🤖 AI Summary
Linear recurrent networks with diagonal state transition structures suffer from limited expressivity, hindering their ability to model long-range dependencies efficiently. To address this, this work proposes the High-order Linear Recurrent Unit (H-LRU) and the Block-Diagonal Linear Recurrent Unit (BD-LRU), which enhance state interaction through multi-step historical state fusion and dense intra-block channel mixing, respectively. A selective gating mechanism with L1 normalization is introduced to stabilize training, and parallel scan algorithms enable efficient computation. Experimental results demonstrate that BD-LRU matches or surpasses Mamba, DeltaNet, and LSTM on synthetic tasks, while H-LRU achieves the best parameter efficiency in compression tasks, confirming the critical role of state mixing mechanisms in enhancing model expressivity.
📝 Abstract
Linear recurrent networks (LRNNs) and linear state space models (SSMs) promise computational and memory efficiency on long-sequence modeling tasks, yet their diagonal state transitions limit expressivity.

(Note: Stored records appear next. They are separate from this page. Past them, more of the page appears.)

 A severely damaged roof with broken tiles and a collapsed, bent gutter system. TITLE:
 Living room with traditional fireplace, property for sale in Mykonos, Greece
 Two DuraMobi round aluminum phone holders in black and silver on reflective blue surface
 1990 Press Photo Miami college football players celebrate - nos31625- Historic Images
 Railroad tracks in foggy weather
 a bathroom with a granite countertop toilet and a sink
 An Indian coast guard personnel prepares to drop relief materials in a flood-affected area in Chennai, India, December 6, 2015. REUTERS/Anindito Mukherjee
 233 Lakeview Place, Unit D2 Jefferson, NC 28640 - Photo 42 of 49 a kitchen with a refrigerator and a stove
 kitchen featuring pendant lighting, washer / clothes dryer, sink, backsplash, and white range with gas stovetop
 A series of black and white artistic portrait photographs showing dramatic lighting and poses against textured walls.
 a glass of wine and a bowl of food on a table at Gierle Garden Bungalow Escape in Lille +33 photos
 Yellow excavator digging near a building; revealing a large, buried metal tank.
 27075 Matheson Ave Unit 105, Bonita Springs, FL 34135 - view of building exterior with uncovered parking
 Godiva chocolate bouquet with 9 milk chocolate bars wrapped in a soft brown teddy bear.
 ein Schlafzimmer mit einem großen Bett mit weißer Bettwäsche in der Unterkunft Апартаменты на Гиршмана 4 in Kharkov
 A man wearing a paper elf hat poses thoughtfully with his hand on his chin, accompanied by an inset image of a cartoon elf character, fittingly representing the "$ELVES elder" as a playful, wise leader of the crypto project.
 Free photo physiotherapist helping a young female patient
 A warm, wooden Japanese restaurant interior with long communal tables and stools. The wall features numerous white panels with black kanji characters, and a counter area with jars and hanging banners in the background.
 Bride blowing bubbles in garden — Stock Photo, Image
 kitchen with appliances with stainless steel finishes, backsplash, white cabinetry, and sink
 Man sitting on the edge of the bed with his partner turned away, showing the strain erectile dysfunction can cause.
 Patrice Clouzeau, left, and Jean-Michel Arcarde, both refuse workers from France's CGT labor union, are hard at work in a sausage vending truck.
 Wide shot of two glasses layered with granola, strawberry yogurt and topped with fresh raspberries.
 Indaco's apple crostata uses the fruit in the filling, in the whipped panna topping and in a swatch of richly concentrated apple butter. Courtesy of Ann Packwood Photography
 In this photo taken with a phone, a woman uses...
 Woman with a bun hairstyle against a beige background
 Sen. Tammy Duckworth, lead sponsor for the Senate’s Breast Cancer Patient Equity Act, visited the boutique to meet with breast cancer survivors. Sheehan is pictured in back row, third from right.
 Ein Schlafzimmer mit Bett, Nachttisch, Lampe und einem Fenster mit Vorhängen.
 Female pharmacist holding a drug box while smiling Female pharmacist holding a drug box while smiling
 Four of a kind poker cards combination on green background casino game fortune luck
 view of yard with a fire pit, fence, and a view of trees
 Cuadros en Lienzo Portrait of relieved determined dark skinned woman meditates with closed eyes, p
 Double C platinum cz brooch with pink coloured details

Dense and nonlinear architectures (e.g., LSTMs) on the other hand are provably more expressive, but computationally costly. Here, we explore how expressivity in LRNNs can be increased via richer state mixing across time and channels while maintaining competitive efficiency. Specifically, we introduce two structured LRNN architectures: (i) Higher-order Linear Recurrent Units (H-LRU), which generalize first-order recurrence to higher order, mixing multiple past states, and (ii) Block-Diagonal LRUs (BD-LRU), which enable dense intra-block channel mixing. Per-channel (H-LRU) or per-row (BD-LRU) L1-normalization of selective gates stabilizes training and allows for scaling window/block sizes. A parallel-scan implementation of the proposed architectures keeps the throughput competitive with diagonal LRNNs for moderate orders (H-LRU) and block sizes (BD-LRU). In synthetic sequence modeling tasks, the performance of BD-LRU matches or exceeds those of linear SSMs (Mamba), low-rank LRNNs (DeltaNet) and LSTM baselines, while H-LRU is found to be the most parameter-efficient in compression task. In both synthetic sequence modeling and language modeling, our results indicate that the structure of state mixing rather than width alone shapes expressivity of LRNNs, offering a practical route to closing the efficiency-expressivity gap in linear sequence models.